Recovering the Appliance
Thankfully, if the underlying storage is healthy again, recovering should be as simple as rebooting the appliance. In my case, I couldn’t log in or do a graceful shutdown via VMware Tools, so I did a cold ‘reset’ instead.
The VM came back up okay, and I was able to login successfully. Interestingly it was still in read-only mode after the reset. I suspect this is because the machine didn’t go down gracefully. You can see that root partition mount is still ‘ro’ and not ‘rw’ as we’d expect:
root@nsxt-manager1:~# mount sysfs on /sys type sysfs (rw,nosuid,nodev,noexec,relatime) proc on /proc type proc (rw,nosuid,nodev,noexec,relatime) udev on /dev type devtmpfs (rw,nosuid,relatime,size=8191604k,nr_inodes=2047901,mode=755) devpts on /dev/pts type devpts (rw,nosuid,noexec,relatime,gid=5,mode=620,ptmxmode=000) tmpfs on /run type tmpfs (rw,nosuid,noexec,relatime,size=1641364k,mode=755) /dev/sda2 on / type ext4 (ro,errors=remount-ro,data=ordered) securityfs on /sys/kernel/security type securityfs (rw,nosuid,nodev,noexec,relatime) tmpfs on /dev/shm type tmpfs (rw,nosuid,nodev)
Notice that the partition’s mount options include ‘errors=remount-ro’. This means that if it encounters I/O errors or can’t read from the filesystem for a defined period of time, it will remount the partition as read-only.
Rather than nuking the appliance, I decided to do a graceful reboot from the CLI. This time it booted up in ‘rw’ mode successfully.
root@nsxt-manager1:~# mount sysfs on /sys type sysfs (rw,nosuid,nodev,noexec,relatime) proc on /proc type proc (rw,nosuid,nodev,noexec,relatime) udev on /dev type devtmpfs (rw,nosuid,relatime,size=8191604k,nr_inodes=2047901,mode=755) devpts on /dev/pts type devpts (rw,nosuid,noexec,relatime,gid=5,mode=620,ptmxmode=000) tmpfs on /run type tmpfs (rw,nosuid,noexec,relatime,size=1641364k,mode=755) /dev/sda2 on / type ext4 (rw,errors=remount-ro,data=ordered) securityfs on /sys/kernel/security type securityfs (rw,nosuid,nodev,noexec,relatime) tmpfs on /dev/shm type tmpfs (rw,nosuid,nodev)
Within a few minutes of rebooting, the appliance synced up successfully and the cluster returned to a good state.
And just to satisfy my curiosity, we are able to confirm that this appliance definitely was on host esx-e3 previously, so the storage outage likely caused this:
Although something like a brief loss of storage connectivity will usually mean that the appliance can be recovered, more serious outages – especially if data integrity is in question – may warrant more caution.
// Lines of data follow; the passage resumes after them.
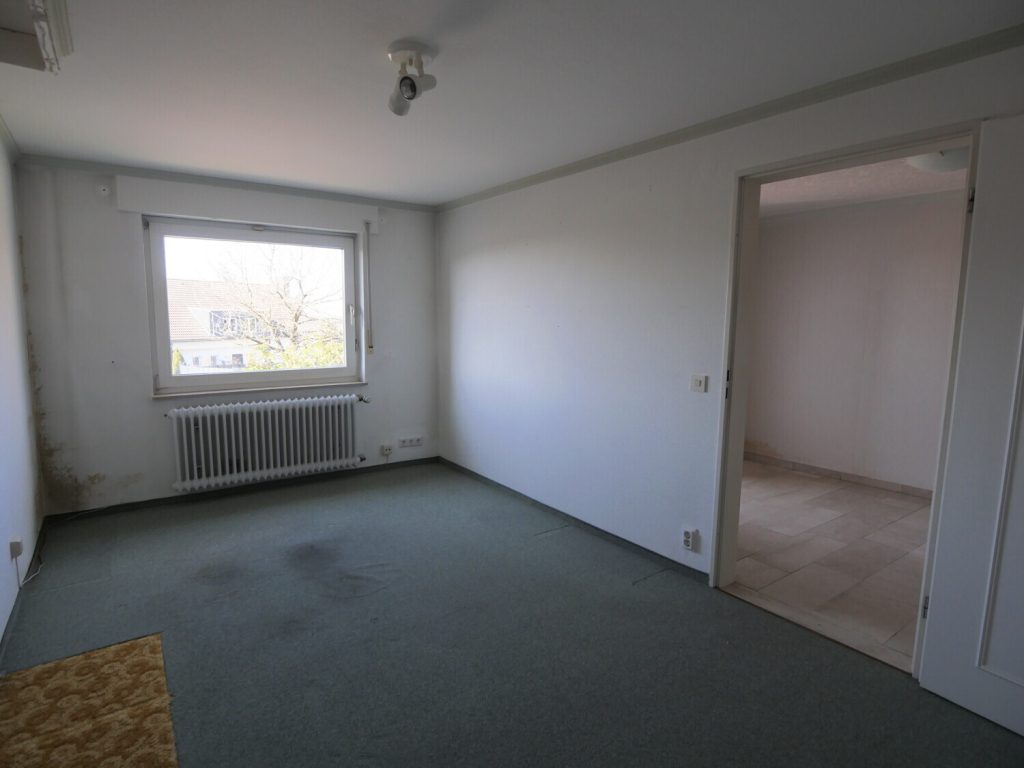 Immobilienangebot - Stolberg - Alle - Ruhiges Wohnen in Stolberg: Architektonisch spannende Doppelhaushälfte mit Garten & viel Potenzial!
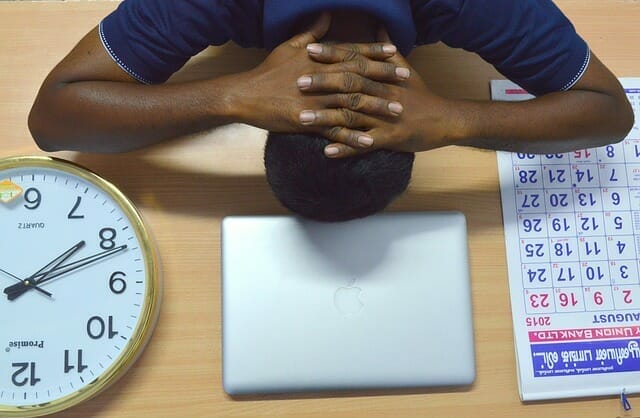 一个过度疲劳的男人把头放在桌子上，旁边是他的笔记本电脑、日历和时钟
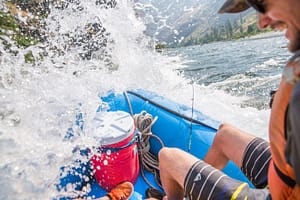 A guy laughs in enjoyment while his boat gets soaked in a rapid in Hells Canyon on a overnight rafting trip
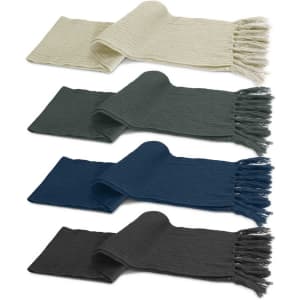 A collection of Nebraska Cable Knit Scarves in cream, dark green, teal, and charcoal, featuring fringed edges.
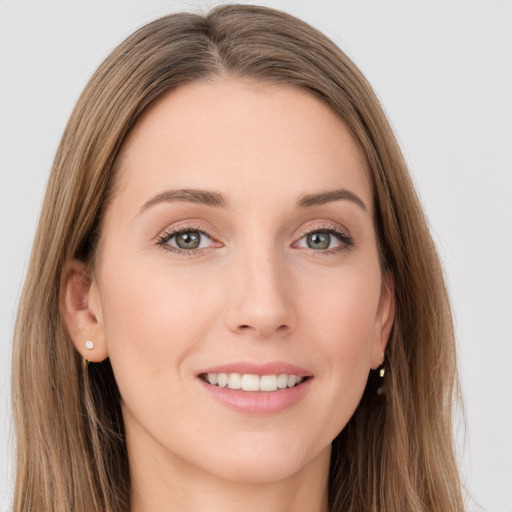 Joyful white young-adult female with long  brown hair and grey eyes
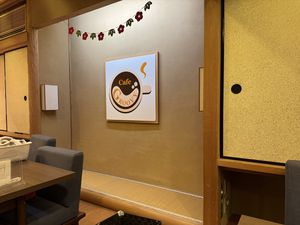 Interior with restaurant logo  at Cafe Groovy in Nara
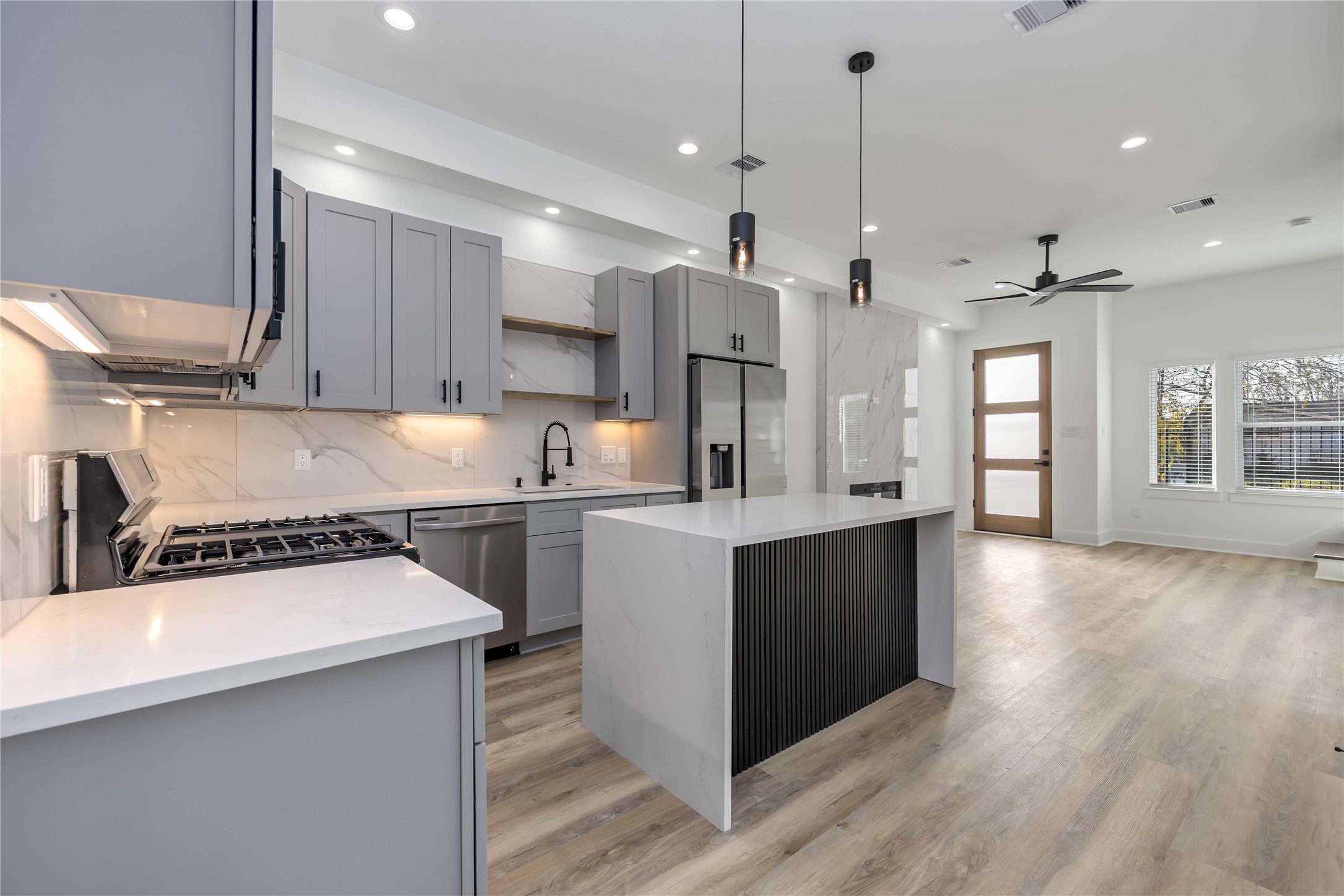 4533 Larkspur Street, Unit B Houston, TX 77051 - Photo 11 of 36 a kitchen with a refrigerator a sink and wooden floor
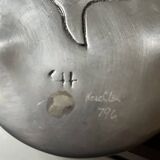 polished aluminum pocket emptier, signed and stamped in the mass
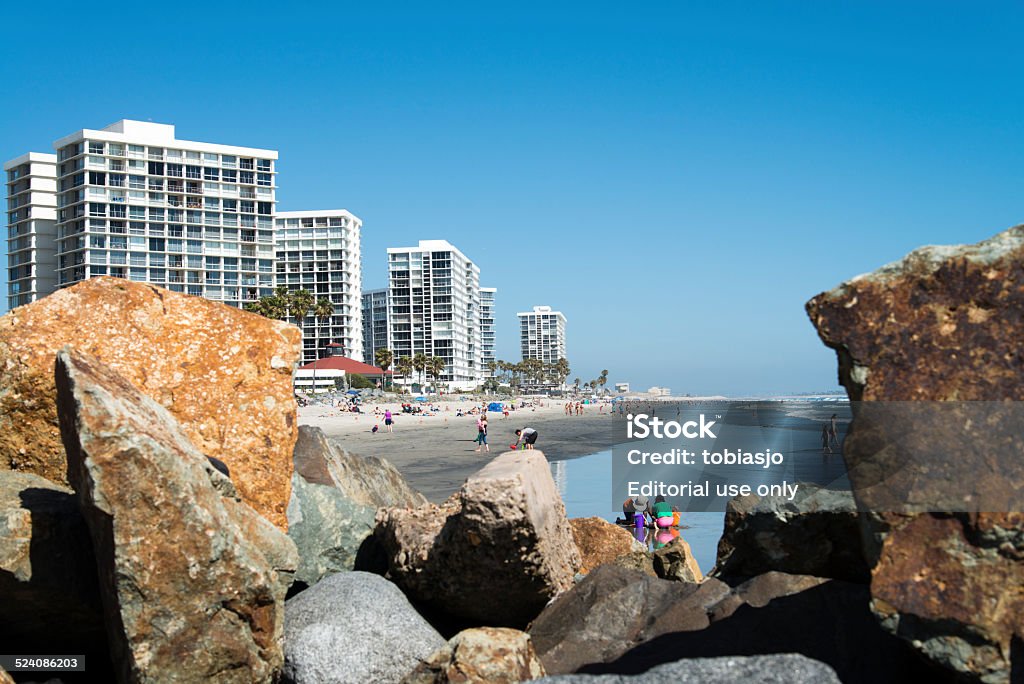 Coronado Beach San Diego Coronado, USA - June 1, 2014: People sunbathing, walking and swimming at the beach on the Coronado Island near San Diego in California, USA. Beach Stock Photo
Although it’s technically possible to attach the manager disk to another VM and run an fsck to correct errors, this is not supported nor recommended. These appliances are made to be disposable. If the appliance’s health is in question, it can be removed from the cluster, deleted from disk and then re-deployed and reattached. This is a post for another day.
Here is some reader feedback on scenario 3. Alexis has some good suggestions that would have worked:
James had a good question about checking the status from the working controllers to confirm. In this case the other two controllers reported 172.16.1.41 as down.
Harikrishnan mentions that the CorfuDB may be corrupted. Although it wasn’t corrupted, it definitely wasn’t functional.
Chris, who commented below was right on the money:
“Check storage on esx cluster. Fix where needed and reboot the server :> Read only file system can have multiple reasons. one of the is lost storage for a too long time. A reboot would help in that case.
– nfs storage maybe failed
– disk in datastore broken”
As was kayakbeachbar:
“First of all, I would open SR with VMware GSS
In parallel, I would do my own troubleshooting.
I see the message ” … Read-only file system” … on the console. I would try to understand why the file system is in read-only mode. Problem with underlying storage?”
This was a real situation I found myself in with my home lab. I had been testing some physical network card firmware options that caused esx-e3 to lose all connectivity to storage. Thanks to everyone who took the time to comment!